=== PROBLEM ===
Each line from the one that has "for print Handsome" through the final line of the listing is to be written out exactly, and no other line is.

=== SOURCE DATA ===

☆ ☆ ☆ ☆

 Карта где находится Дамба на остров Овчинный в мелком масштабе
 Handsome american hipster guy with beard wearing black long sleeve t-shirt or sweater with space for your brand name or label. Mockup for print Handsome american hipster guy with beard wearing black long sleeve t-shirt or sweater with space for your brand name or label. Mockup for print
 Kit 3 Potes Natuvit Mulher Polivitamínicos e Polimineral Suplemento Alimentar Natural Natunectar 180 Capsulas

☆ ☆ ☆ ☆

=== EXERCISE RESULT ===
 Handsome american hipster guy with beard wearing black long sleeve t-shirt or sweater with space for your brand name or label. Mockup for print Handsome american hipster guy with beard wearing black long sleeve t-shirt or sweater with space for your brand name or label. Mockup for print
 Kit 3 Potes Natuvit Mulher Polivitamínicos e Polimineral Suplemento Alimentar Natural Natunectar 180 Capsulas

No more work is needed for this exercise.